There were 14 candidates on stage for the party's last official debate in Moncton, N.B. in December, including Michael Chong, left, Erin O'Toole, centre, and Andrew Scheer. While candidates spoke some French then, next Tuesday's debate in Quebec City will be entirely in French. (Andrew Vaughan/Canadian Press)

Because the Conservative leadership race will be decided based on a system that balances votes across all of Canada's 338 ridings, appealing to French-speaking voters, particularly from the 78 constituencies in Quebec, really counts.

"When I do something, I bring my A game and I don't like wasting anyone's time," O'Leary said in the statement.
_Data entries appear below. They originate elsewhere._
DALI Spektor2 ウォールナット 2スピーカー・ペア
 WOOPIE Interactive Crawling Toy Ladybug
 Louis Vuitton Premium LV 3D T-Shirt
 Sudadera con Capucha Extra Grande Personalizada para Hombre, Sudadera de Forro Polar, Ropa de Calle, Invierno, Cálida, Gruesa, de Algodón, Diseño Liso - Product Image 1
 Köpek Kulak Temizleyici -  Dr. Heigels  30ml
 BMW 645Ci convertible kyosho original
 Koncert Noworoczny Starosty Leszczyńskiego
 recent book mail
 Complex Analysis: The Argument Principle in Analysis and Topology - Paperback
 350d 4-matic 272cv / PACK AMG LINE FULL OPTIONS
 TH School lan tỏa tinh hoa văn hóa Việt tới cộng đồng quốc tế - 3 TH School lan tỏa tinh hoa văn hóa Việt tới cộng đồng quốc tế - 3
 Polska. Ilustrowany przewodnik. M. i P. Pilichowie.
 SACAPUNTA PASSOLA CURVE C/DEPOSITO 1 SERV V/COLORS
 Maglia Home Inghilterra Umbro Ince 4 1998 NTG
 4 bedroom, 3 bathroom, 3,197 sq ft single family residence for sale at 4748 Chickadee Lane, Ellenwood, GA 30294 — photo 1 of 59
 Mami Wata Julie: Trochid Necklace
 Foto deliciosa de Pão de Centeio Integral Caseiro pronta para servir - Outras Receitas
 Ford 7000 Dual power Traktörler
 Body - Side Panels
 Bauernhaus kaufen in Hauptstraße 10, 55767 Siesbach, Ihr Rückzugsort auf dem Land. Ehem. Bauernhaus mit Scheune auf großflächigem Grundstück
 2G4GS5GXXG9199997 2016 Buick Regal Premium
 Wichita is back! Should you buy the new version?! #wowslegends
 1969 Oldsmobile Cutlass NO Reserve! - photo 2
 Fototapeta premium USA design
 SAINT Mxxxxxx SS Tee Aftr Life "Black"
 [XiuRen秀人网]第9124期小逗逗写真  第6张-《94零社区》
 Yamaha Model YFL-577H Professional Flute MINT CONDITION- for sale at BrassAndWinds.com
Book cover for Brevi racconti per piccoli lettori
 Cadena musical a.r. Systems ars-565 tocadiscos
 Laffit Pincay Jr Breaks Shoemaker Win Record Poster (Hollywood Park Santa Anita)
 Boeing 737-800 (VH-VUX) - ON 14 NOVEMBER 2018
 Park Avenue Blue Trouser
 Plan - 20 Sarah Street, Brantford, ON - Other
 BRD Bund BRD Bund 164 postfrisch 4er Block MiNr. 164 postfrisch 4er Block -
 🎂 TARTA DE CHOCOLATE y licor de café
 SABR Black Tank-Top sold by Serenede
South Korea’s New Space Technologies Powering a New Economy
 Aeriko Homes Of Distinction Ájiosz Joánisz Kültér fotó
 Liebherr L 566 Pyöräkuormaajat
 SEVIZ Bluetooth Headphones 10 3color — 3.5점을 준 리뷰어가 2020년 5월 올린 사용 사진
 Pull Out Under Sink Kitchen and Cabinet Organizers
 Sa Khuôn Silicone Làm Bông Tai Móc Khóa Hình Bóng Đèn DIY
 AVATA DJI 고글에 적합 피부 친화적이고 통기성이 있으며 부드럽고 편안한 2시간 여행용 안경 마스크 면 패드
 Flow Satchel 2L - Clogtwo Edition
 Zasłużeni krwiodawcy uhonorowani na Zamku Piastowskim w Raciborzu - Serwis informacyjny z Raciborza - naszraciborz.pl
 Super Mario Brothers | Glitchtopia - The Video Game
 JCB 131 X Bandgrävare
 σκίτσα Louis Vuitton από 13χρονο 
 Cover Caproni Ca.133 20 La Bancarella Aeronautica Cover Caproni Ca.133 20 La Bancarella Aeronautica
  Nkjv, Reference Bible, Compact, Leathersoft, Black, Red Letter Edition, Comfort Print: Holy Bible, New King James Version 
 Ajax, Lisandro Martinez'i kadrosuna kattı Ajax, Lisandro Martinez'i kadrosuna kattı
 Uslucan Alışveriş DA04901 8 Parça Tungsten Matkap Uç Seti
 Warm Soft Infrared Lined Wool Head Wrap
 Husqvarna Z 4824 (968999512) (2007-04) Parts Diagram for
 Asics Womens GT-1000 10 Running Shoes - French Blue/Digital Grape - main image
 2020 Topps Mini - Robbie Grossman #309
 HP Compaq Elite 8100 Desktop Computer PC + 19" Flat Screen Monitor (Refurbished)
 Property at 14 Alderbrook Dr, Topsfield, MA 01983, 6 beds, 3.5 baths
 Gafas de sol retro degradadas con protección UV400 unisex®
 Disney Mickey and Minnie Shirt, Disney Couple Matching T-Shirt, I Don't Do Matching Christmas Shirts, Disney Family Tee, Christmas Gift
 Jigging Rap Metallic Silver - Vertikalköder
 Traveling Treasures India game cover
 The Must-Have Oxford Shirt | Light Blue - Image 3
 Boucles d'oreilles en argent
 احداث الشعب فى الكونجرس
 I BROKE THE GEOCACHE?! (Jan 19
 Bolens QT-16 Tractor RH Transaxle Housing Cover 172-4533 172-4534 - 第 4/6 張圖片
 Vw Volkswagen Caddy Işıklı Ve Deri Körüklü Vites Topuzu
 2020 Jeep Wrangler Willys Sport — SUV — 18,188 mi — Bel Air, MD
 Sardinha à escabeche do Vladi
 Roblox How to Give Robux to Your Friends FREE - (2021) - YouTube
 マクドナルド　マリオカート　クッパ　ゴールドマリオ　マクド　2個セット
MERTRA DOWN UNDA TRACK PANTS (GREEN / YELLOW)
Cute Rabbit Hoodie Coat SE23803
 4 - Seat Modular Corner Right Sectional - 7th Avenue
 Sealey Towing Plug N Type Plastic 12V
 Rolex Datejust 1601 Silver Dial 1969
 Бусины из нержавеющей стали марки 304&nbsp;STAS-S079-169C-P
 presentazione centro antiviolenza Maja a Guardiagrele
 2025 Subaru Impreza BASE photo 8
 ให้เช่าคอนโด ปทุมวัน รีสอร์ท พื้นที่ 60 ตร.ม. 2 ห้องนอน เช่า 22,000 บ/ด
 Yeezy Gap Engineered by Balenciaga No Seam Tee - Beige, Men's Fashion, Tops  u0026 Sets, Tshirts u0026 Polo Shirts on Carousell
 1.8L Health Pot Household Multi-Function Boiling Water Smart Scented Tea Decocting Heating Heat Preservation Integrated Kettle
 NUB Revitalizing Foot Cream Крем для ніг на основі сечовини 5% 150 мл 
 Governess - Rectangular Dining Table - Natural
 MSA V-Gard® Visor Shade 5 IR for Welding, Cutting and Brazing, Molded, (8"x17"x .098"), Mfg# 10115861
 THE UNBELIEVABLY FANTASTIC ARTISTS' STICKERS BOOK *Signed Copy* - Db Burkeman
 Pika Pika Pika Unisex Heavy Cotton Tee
While he attended the first party-organized debate in Saskatoon — and sat right behind the moderator, putting himself frequently in a camera shot — he's expressed distaste for the large number of candidates still crowding the race and the inability of debate formats to showcase would-be leaders in detail.

O'Leary, who grew up in Montreal, says he's committed to "learning French again." In the meantime, "out of respect for Quebec and French-Canadians, I feel it makes more sense to abstain from the French debate until I am more proficient."

O'Leary must file his papers and deposit by Feb. 24 in order to be a candidate in the May 27 vote.

Scheer wins more endorsements before debate

Andrew Scheer held a news conference Thursday in Quebec City to announce that four Conservative MPs — Luc Berthold, Alain Rayes, Pierre Paul-Hus and Sylvie Boucher — are now supporting his bid.

The former Speaker of the House of Commons, who represents a Saskatchewan riding but grew up in Ottawa, speaks serviceable French with a proficiency he credits to his French-immersion education.

Andrew Scheer, who was joined by his wife, Jill, as he launched his campaign last September, has received more endorsements from sitting Conservative MPs than any other candidate so far. (Adrian Wyld/Canadian Press)

Scheer now has the most endorsements from current Conservative MPs, with 23, representing every province where the party holds a seat.

Fellow Conservative MP Erin O'Toole also announced an endorsement Thursday from a former rival. Winnipeg doctor Dan Lindsay was a leadership candidate until a few weeks ago, participating in the first two debates before withdrawing prior to a Dec.31 deadline for paying the required $50,000 compliance deposit.

Lindsay has worked with O'Toole on his health care reform platform.